Says Joe “What they can never kill”
went on to organize . . .
From San Diego up to Maine,
in every mine and mill,
Where working men defend their rights,
It’s there you’ll find Joe Hill! . . .
But the shrill song of today’s unionists for “the right” of collective bargaining doesn’t quite resonate with a majority of Americans (excluding, of course, my teacher-relatives). The nation was wary of the advent of unions back in Hill’s day; we’re disenchanted with unions today for demonstrable reasons involving their abuses. What particularly angers many of us is the egregious, paradoxical demand for collective bargaining for millions of civil servants—the public-sector workers whom we “hire” to work for us, from Obama on down to the mail carrier bringing our tax forms.
Federal, state, and city worker “salaries and benefits,” “expense accounts,” food, mortgages . . . are paid for with our money, tax-money taken from the accrued earned wealth of families who create, produce something, and directly contribute to keeping the American national engine going.

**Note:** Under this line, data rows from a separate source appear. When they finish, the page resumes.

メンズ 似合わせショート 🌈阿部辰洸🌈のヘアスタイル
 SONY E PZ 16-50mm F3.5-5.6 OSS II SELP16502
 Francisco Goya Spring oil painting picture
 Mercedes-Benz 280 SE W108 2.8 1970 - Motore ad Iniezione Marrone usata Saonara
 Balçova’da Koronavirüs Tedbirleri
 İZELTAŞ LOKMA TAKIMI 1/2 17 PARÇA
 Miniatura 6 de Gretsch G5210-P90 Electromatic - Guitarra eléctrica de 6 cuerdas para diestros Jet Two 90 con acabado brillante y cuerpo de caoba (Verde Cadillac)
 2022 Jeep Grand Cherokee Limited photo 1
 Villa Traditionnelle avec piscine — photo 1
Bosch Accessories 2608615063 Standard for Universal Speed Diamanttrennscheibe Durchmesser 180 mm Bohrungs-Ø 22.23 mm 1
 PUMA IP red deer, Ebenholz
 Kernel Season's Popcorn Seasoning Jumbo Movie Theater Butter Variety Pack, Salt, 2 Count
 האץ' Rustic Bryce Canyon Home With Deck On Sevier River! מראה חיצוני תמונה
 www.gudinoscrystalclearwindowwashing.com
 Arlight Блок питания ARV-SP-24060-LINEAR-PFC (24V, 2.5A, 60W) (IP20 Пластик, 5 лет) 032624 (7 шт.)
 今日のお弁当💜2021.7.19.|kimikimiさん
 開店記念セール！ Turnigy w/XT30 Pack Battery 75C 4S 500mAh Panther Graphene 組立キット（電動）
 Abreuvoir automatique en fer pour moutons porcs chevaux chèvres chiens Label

The people should no more allow federal file clerks and form-processors to unionize than allow all military branches to coalesce into the “United Combat Workers of America.”
If anybody should be “collectively bargaining,” it should be us, the workaday American, who’s about had it with our employee-government’s confiscatory taxes we and our children’s children are ordered to fork over throughout a lifetime, and shortly beyond.
No, there’s no resonance. Not when we have innumerable federal, state, and city labor laws in place, as well as regulatory agencies, such as the Department of Labor and OSHA. Indeed, the walls of American businesses large and small are awash in posters, jammed full of union and non-union worker rights, the regulations protecting them, and instructions—often, all detailed in English and in several foreign languages—on where to file “complaints” or “grievance charges”—“charges” real, imagined, trumped up, or just plain over the top:
“My boss discriminated against me. He told me my work day begins at 9 A.M.,
not when I’m done with breakfast at my desk. I’m entitled to have a morning
coffee like everyone else around here. . . .”
“The union rep says we’re off the job; let the planes land on their own. . . .”
“Let Boston itself see to the rioting and looting while we strike. We cops mean to
have a union for more pay, boy-o, and less hours and better working conditions. . . .”
Alas, for the worker-rights folks, now out politically grazing in the Dairy State, looking to continue milking the system and chewing up our pocketbooks: 2011 is not 1919.